Теперь посмотрим, кто еще повинен перед нами в этой самой чертовщине, которая именуется мейерхольдовщиной. Я не имею возможности говорить об этом много, нужно сделать специальный доклад, чтобы дать вам что-нибудь вроде каталога или прейскуранта, где вы будете выбирать. Я уже сказал мимоходом о Люце, достаточно останавливался на Охлопкове, — он является самым типичным человеком, который в порядке эпигонства хватает самое неудачное в моих работах… Но когда я услышал его кающимся и увидел, что он сам раздевается, берет в руки розгу и сам начинает себя по обнаженному телу бить — получилась невозможная вещь[dxlviii]. Как же он дальше будет жить; если он отречется от всего, на чем основал свою славу, то что же он будет делать?
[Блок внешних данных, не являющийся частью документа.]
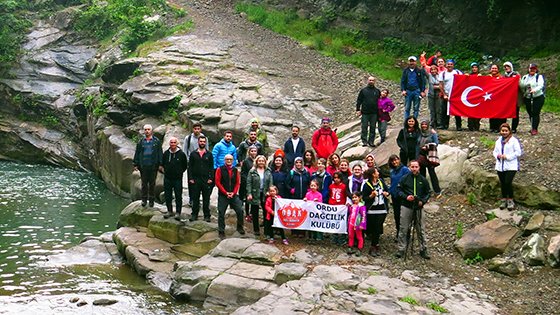 ORDU DAĞCILIK KULÜBÜ BAHAR YÜRÜYÜŞÜNÜ ÖRENCİK MAHALLESİ ŞELALELERİNE YAPTI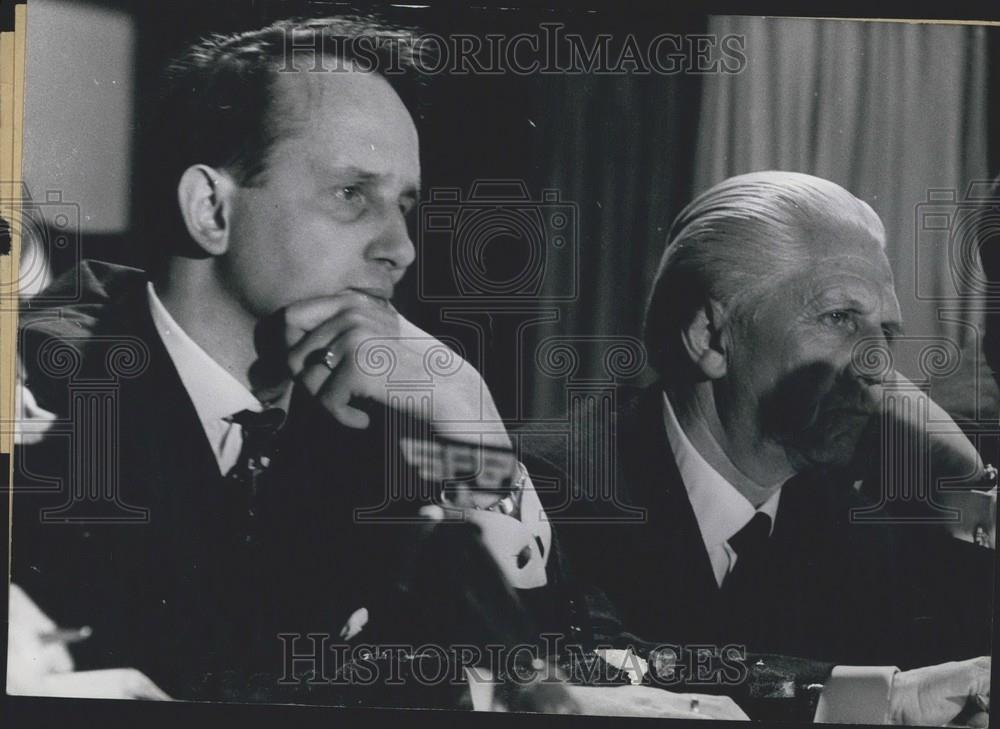 1973 Press Photo  Author Holf Hochhuth  &amp; Erwin Piscator - Historic Images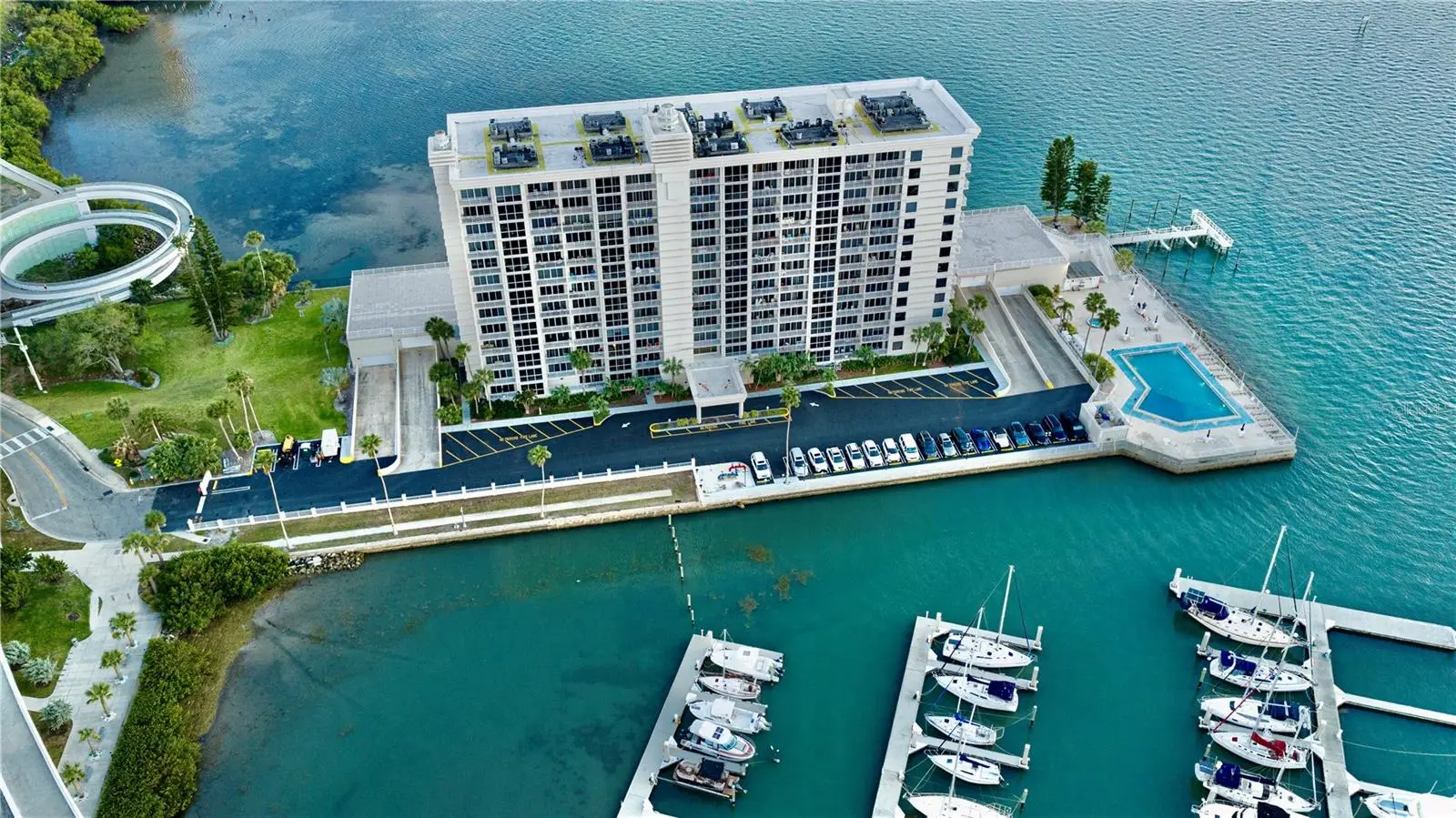 100 Pierce Street, FL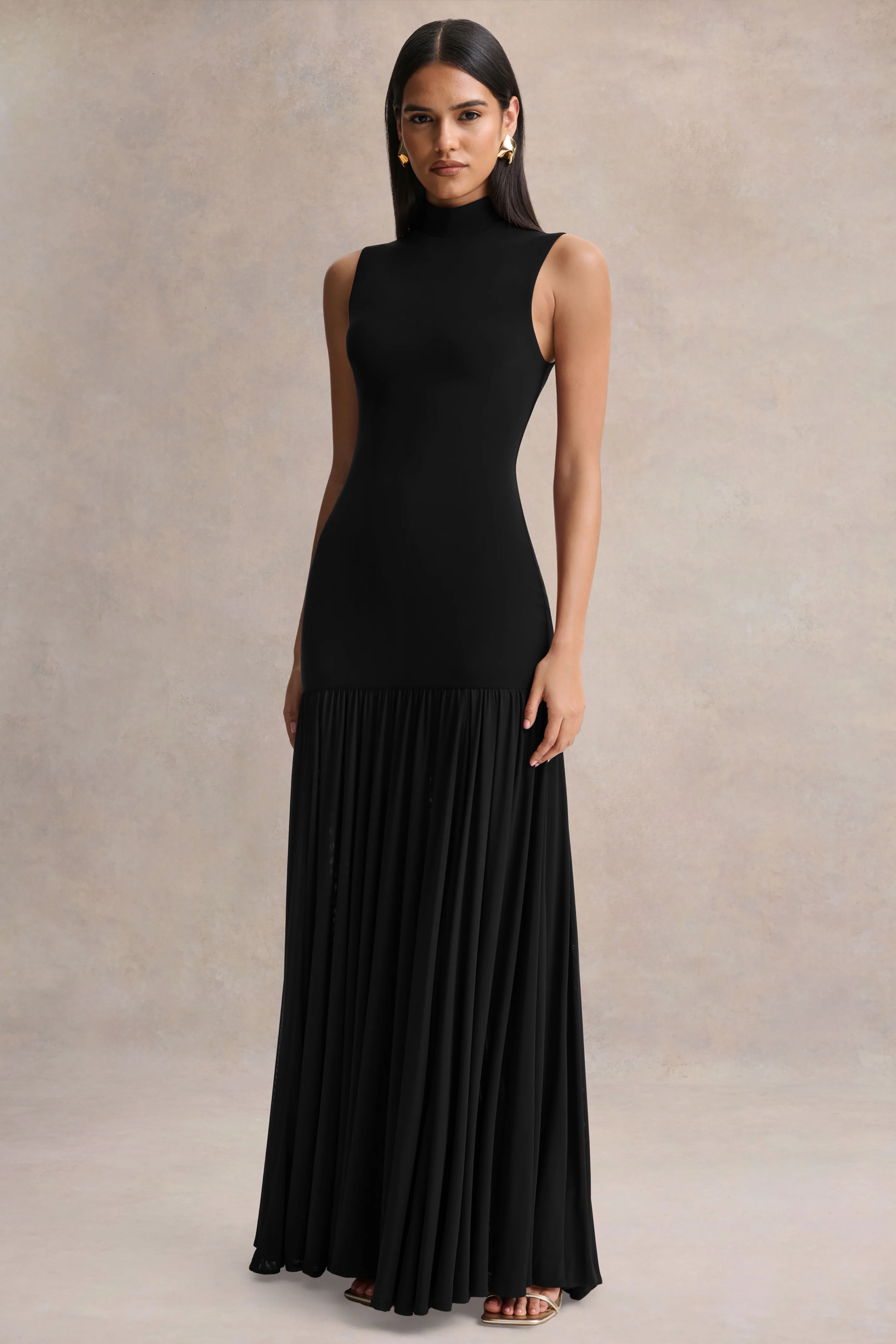 Gigi | Robe longue noire à col montant avec taille basse et jupe transparente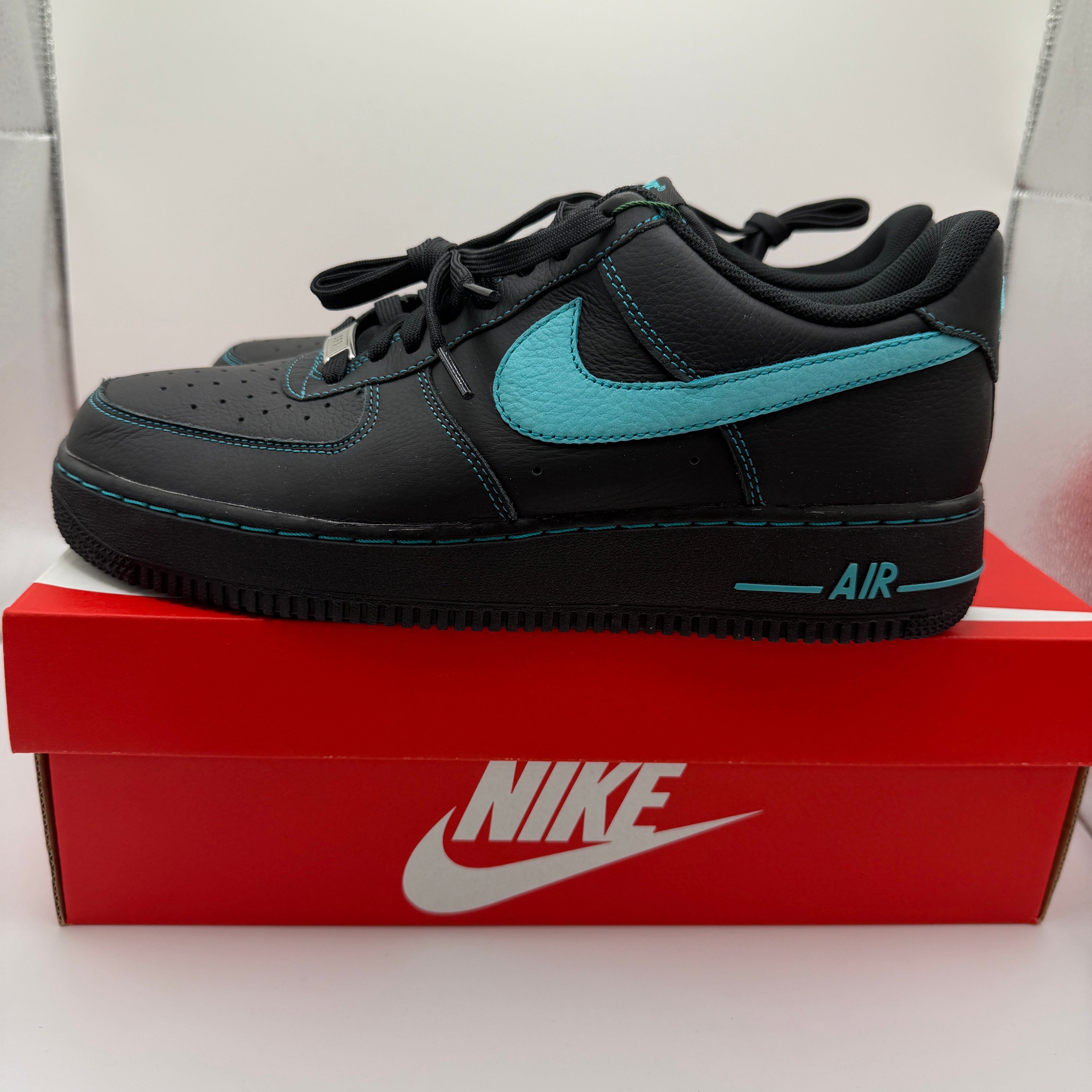 Nike Air Force 1 Low "Black Tiffany"
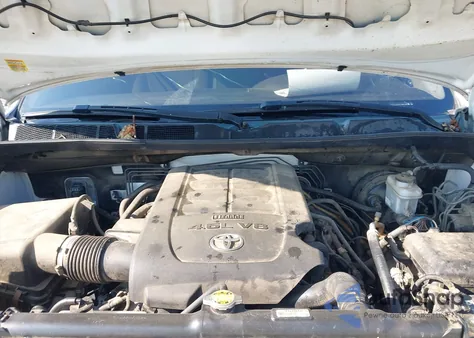 2013 Toyota Tundra Grade 4.6L V8 from USA, damaged, VIN 5TFUM5F11DX040927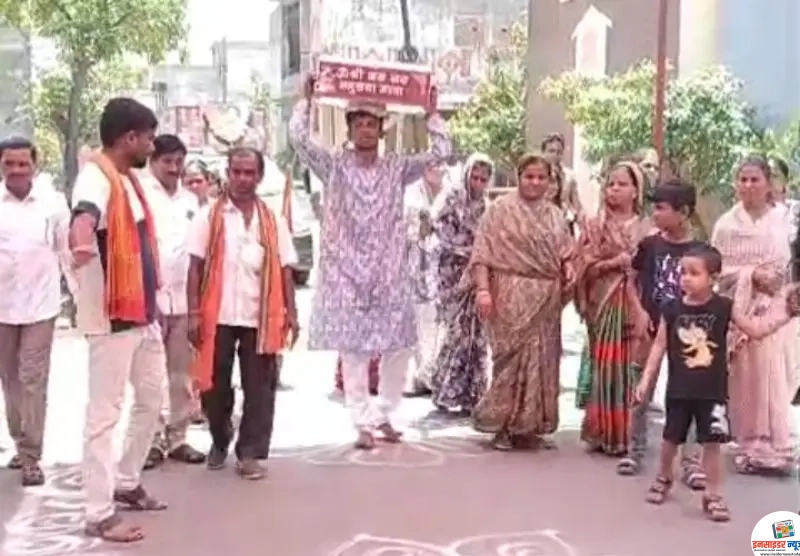 सती अनुसया माता श्रीचरण पादुकांचे कांद्री येथे दर्शना लाभ सती अनुसया माता श्रीचरण पादुकांचे कांद्री येथे दर्शना लाभ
Бывают такие ученики больших учителей, как ваш покорный слуга, который обязан своими большими достижениями тому обстоятельству, что начало своей деятельности провел в лаборатории замечательного мастера — К. С. Станиславского. Если бы я вдруг, ни с того, ни с сего… Этого, конечно, случиться не может, потому что слишком последовательно я шел к утверждению на сцене реализма на базе условного театра, чтобы от этого отказаться, я от этого не могу отказаться, это значило бы, что я наступил на горло собственной песне, — но если бы это случилось, такое сумасшествие, что я бы отказался, то я мог бы очутиться на улице, с котомкой, переданной мне, как Аркашке[dxlix]. Но у Аркашки была библиотека, а у меня были те обязательные правила, обязательные законы, которые я получил от К. С. Станиславского и которые я никогда не профанировал. Я часто отступал от канонов, которые он мне вручил, я не шел по проторенной дороге, я {344} любил искать дороги окольные, но я никогда не терял связи с жизнью. Все, что я делал, было тесно связано с природой, с изучением действительности, с изучением жизни. Я проводил время не столько в библиотеках и музеях, сколько в гуще самой жизни; имея в руках каноны К. С. Станиславского, имея обязательные законы взаимоотношений актеров и режиссеров, мастерства мизансцен, игры с вещью, я могу вспомнить целый ряд случаев, когда Константин Сергеевич открывал мне секреты отношения к вещи и влияния вещи на человека в смысле игровом. Здесь я говорю не в плане философском, а в плане чисто технологическом. И я, очутившись на улице с этой котомкой, мог бы дать еще целый ряд хороших вещей, от которых я, конечно, <не> отказался бы, потому что я лишился бы самого главного, ради чего я жил и работал. Но я думаю, что отрекающийся Охлопков становится на опасный путь. Что он будет делать в качестве заведующего Театром народного творчества?[dl] Это не все, что художник должен сказать, это побочная работа, но как возглавляющий Реалистический театр (почему он называется Реалистическим театром, — не знаю) он окажется в трудном положении.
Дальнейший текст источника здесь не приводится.